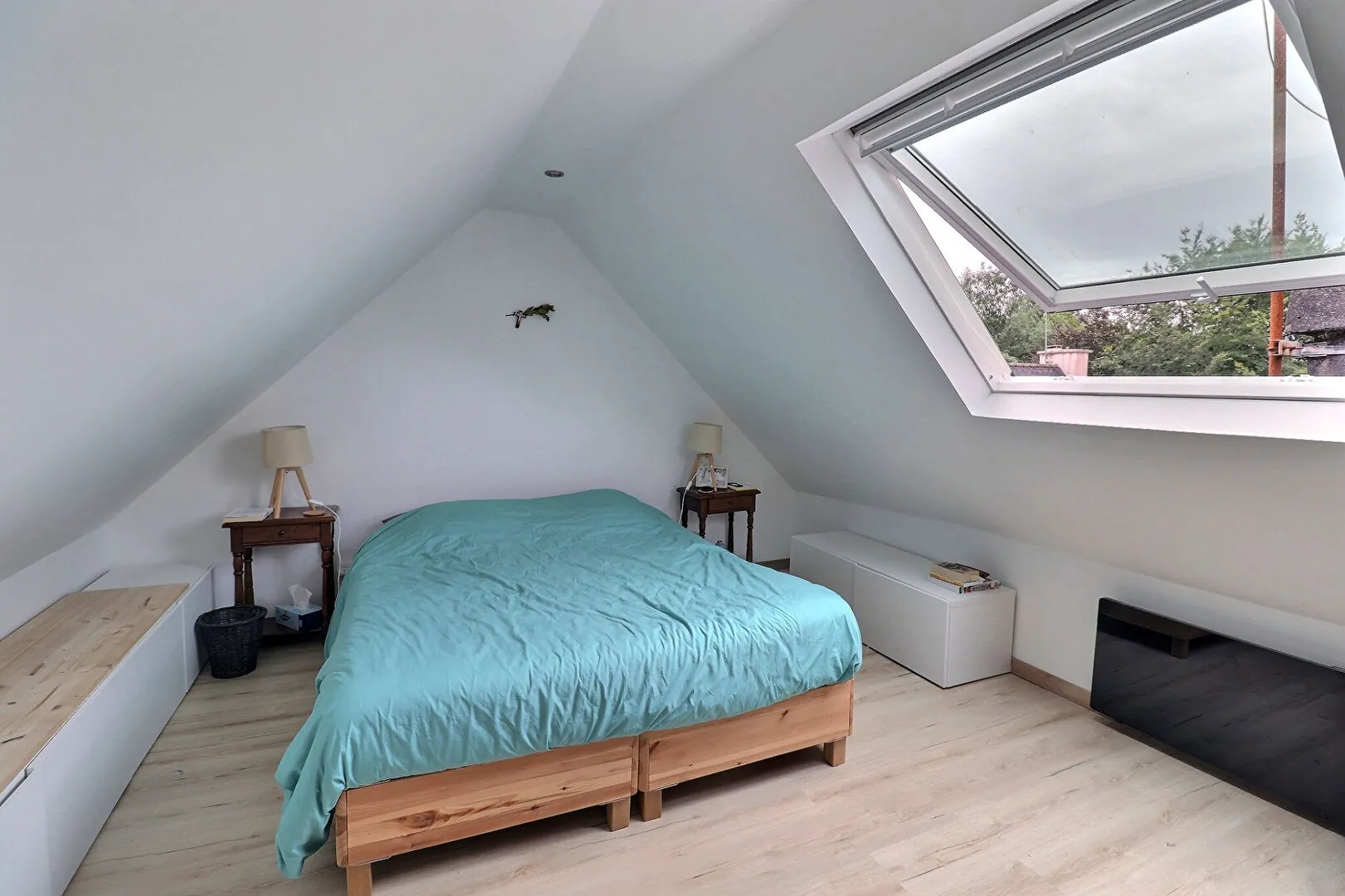 Maison de ville à vendre à Lambézellec, Brest - 3 chambres, charme et proximité du centre 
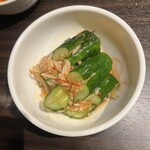 朝鮮飯店 - オイキムチ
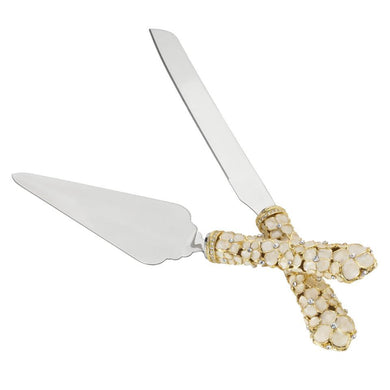 Olivia Riegel Dogwood Dessert Serving Set - Anara Lifestyle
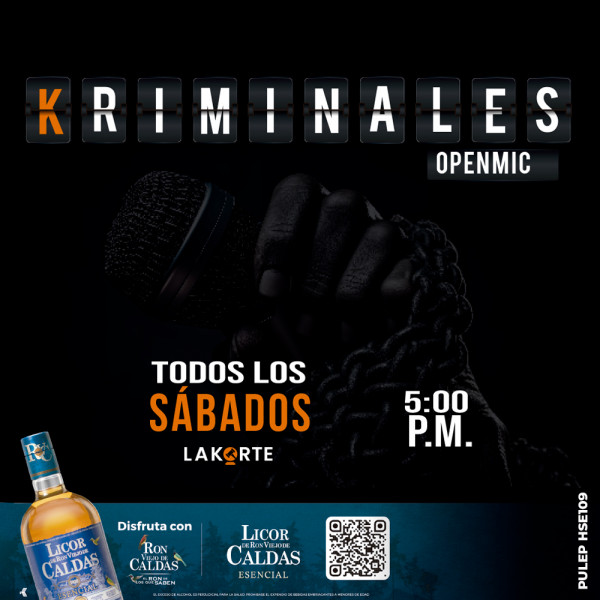 Kriminales Open Mic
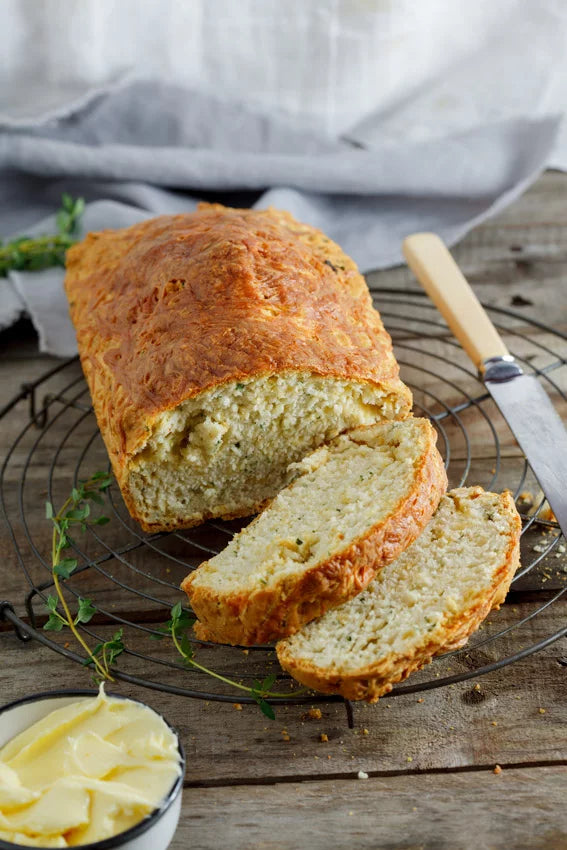 Ketolab garlic herb bread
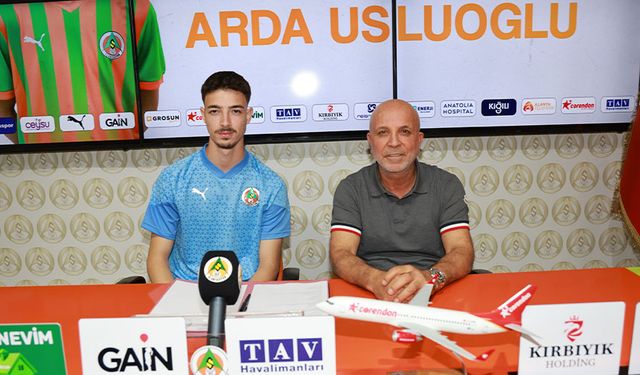 Alanyaspor'a genç transfer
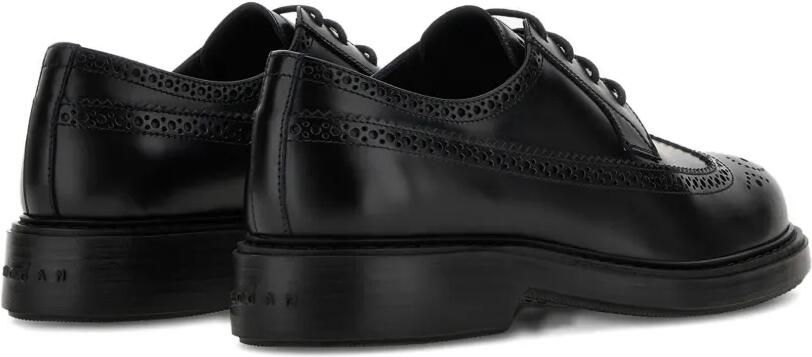 Hogan H704 Urbano derby schoenen Zwart - Foto 4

_____

The answer must be an exact copy of the lines from the one with "Olivia Riegel Dogwood" through the final line above, both ends included, and nothing else; pictures stay out.

 Olivia Riegel Dogwood Dessert Serving Set - Anara Lifestyle
 Kriminales Open Mic
 Ketolab garlic herb bread
 Alanyaspor'a genç transfer
 Hogan H704 Urbano derby schoenen Zwart - Foto 4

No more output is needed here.